Die Sache mit der Wahrheit. Oft bedarf es nur einen Satz, um die Wahrheit zu ergründen; die Menschen schreiben Romane, um sie zu verhindern.


Erkenntnis Es ist die Erkenntnis, seinen eigenen Ereignishorizont im philosophischen Verständnis zu erweitern, um in andere Dimensionen zu expandieren; dabei kommt es nicht darauf an, das Ziel der Bewußtseinsöffnung zu erreichen, sondern den Weg für ein rationales Erfassen zu öffnen und sich vom Dogma der Unfehlbarkeit zu trennen.


Dummheit Dummheit ist nicht angeboren, sondern geht aus der gesellschaftlichen Intoleranz hervor, die in der Arroganz des vermeintlichen Wissens besteht.


Nicht der Weg ist das Ziel Nicht das Ziel entscheidet über die Wertigkeit des Erreichten, sondern der Weg ist ausschlaggebend, und zwar dadurch, daß man ihn erkennt und damit bewußt zu Ende geht.
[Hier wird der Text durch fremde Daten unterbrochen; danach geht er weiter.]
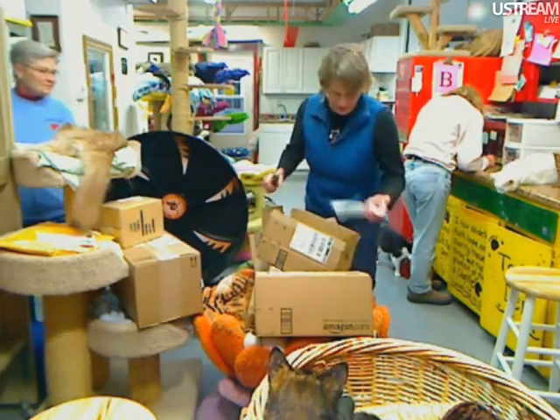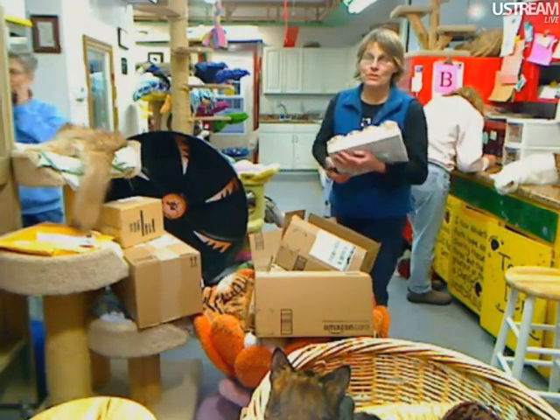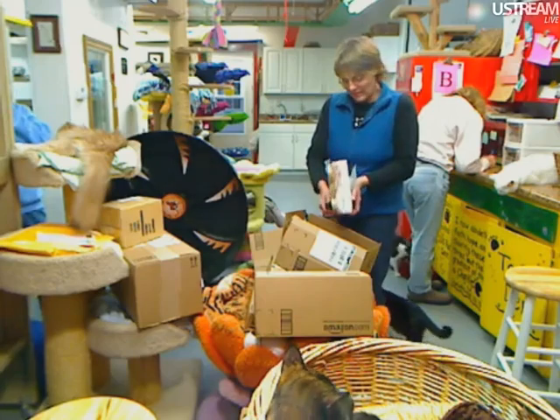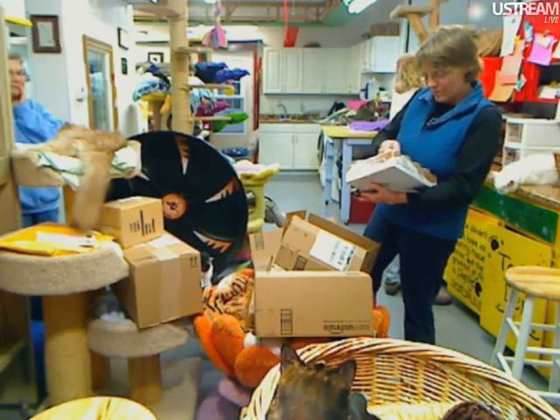We don't have a knee. Our food pile went down because my sister Judy was here Tuesday and whittled that thing down and got all our shelves restocked.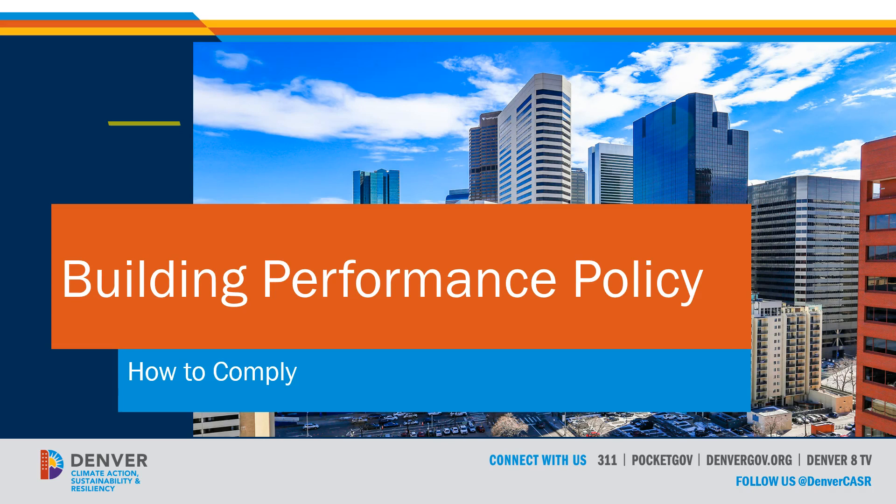Hello, my name is Zach with the City and County of Denver. In this video, I'll be giving a brief overview of the Denver Building Performance Policy and what building owners need to do to achieve compliance with the law.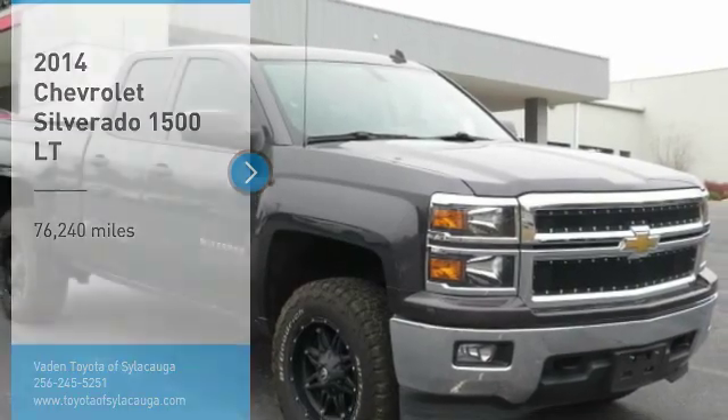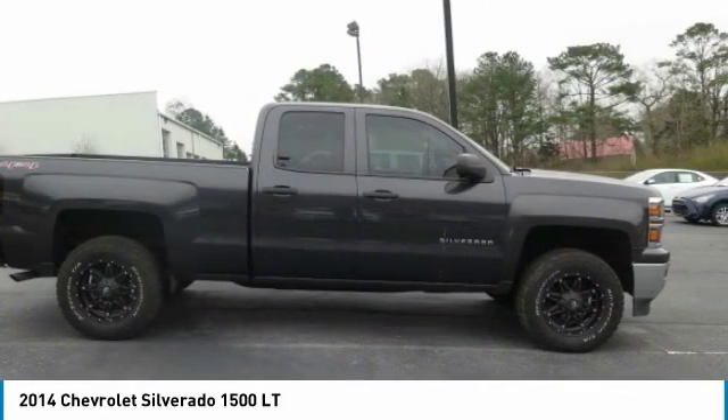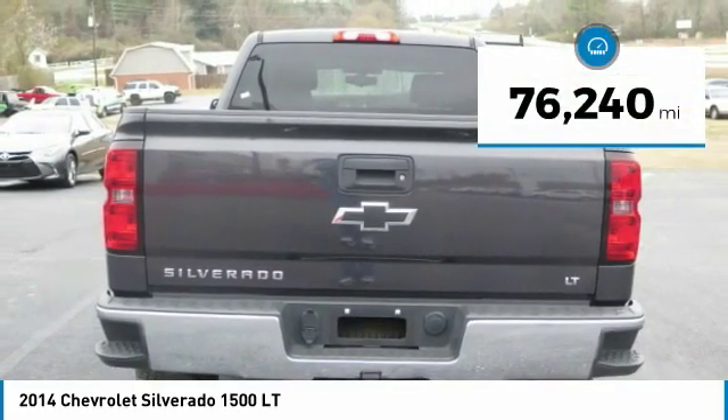Looking for the right vehicle? Check out the 2014 Silverado 1500. The Chevy Silverado 1500 has the lowest cost of ownership of any full-size pickup. This vehicle has less than 80,000 miles.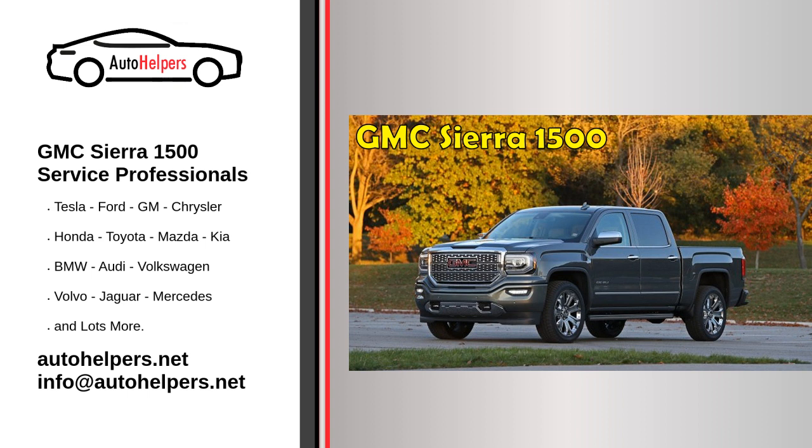Transparency — if you need a repair, our mechanics can show you exactly why. We're committed to customer satisfaction 100% of the time. To learn more about our GMC Sierra 1500 repair services or to hire one of our mechanics, please contact the Auto Helpers. Call us today for help when you are looking for some GMC Sierra 1500 Service Professionals.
Die Maske die ich trage Implosion verkehrter Hoffnung, schmerzt mich, in der Dunkelheit, stehst du, Seele, in Verhandlung, vorbestimmt zu stetem Leid. Fremd an überfüllten Orten, unbekannt bleibt das Gesicht und auch kein‘s von meinen Worten dringt durch ihre eitle Schicht. Nur die Maske, die ich trage, ist für sie mein wahres Sein. Eine widerliche Plage, Ihre Affektion zum Schein. Die Suche nach dem Fluche, strebt fort zu anderen Zielen. Kann nicht sein, was ich suche! – Ist der Frieden so verschieden? Liebe, Hoffnung, Emotionen, Haß und Furcht geben sich die Hand. Habe Angst vor diesen Klonen, bin gefangen in diesem Band. So verdammt zum seichten Leben, ergeb‘ ich mich dem Wahne hin will sie mir die Wahrheit geben und demonstrieren was ich bin????


Erkenntnis Es ist die Erkenntnis, seinen eigenen Ereignishorizont im philosophische Verständnis zu erweitern, um in andere Dimensionen zu expandieren; dabei kommt es nicht darauf an, das Ziel der Bewußtseinsöffnung zu erreichen, sondern den Weg für ein rationales Erfassen zu öffnen und sich vom Dogma der Unfehlbarkeit zu trennen.